## SOURCE MATERIAL

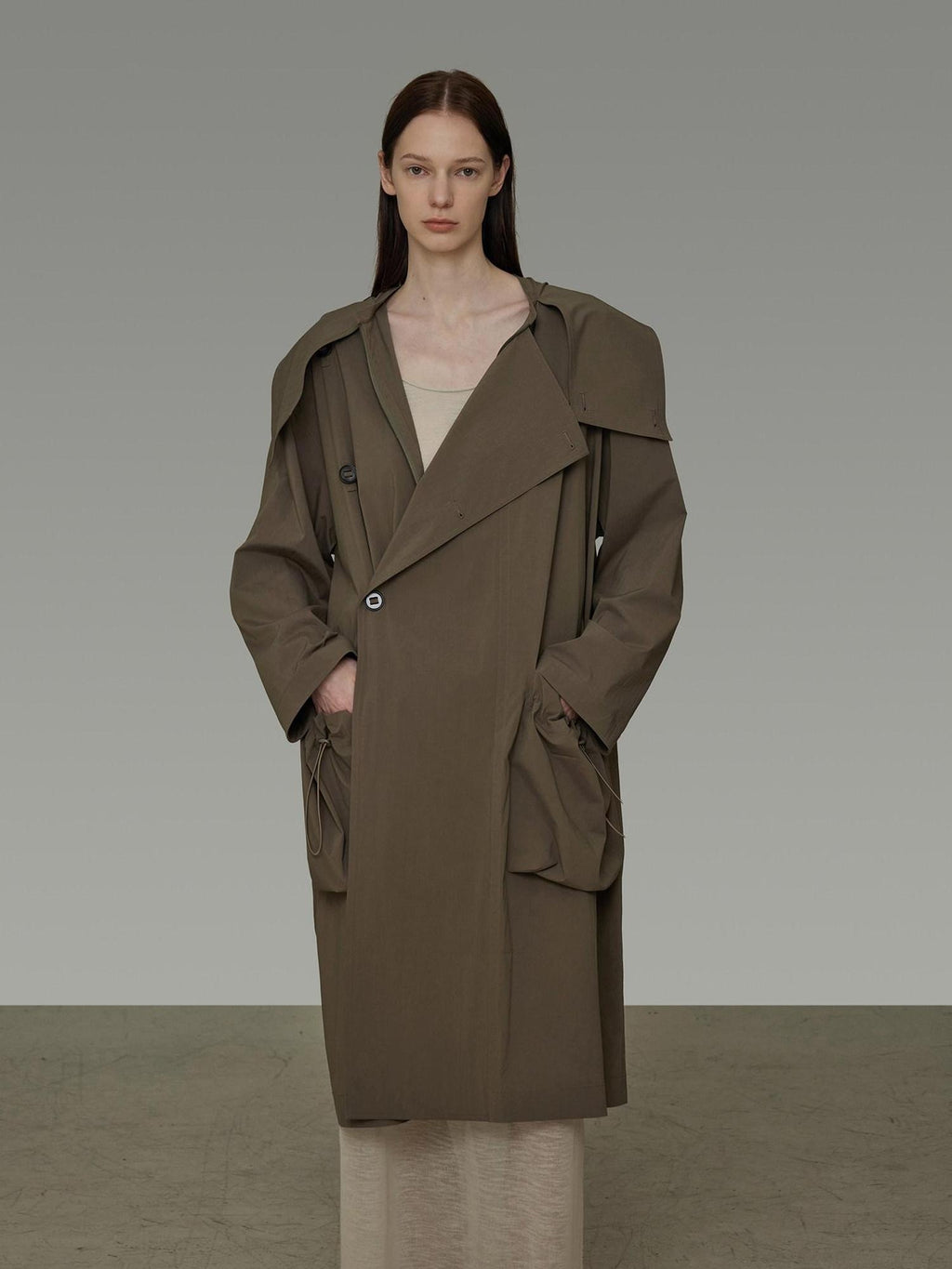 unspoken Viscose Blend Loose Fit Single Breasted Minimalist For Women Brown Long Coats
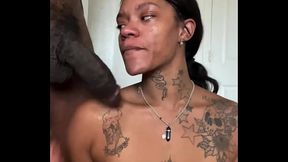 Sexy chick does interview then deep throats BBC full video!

...

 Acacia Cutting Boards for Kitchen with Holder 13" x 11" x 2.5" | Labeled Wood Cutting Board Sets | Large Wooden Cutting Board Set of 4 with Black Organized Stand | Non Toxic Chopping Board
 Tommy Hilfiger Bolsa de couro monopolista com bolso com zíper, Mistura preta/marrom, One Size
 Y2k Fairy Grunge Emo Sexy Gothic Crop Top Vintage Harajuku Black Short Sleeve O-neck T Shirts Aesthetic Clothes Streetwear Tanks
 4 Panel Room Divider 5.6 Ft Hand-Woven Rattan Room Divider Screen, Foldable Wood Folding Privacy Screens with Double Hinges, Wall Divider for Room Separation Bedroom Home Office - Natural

## TASK DETAILS
Repeat exactly the lines above from the one with "Y2k Fairy Grunge" up to and including the one with "4 Panel Room". No other line belongs in the reply.

## REPLY
 Y2k Fairy Grunge Emo Sexy Gothic Crop Top Vintage Harajuku Black Short Sleeve O-neck T Shirts Aesthetic Clothes Streetwear Tanks
 4 Panel Room Divider 5.6 Ft Hand-Woven Rattan Room Divider Screen, Foldable Wood Folding Privacy Screens with Double Hinges, Wall Divider for Room Separation Bedroom Home Office - Natural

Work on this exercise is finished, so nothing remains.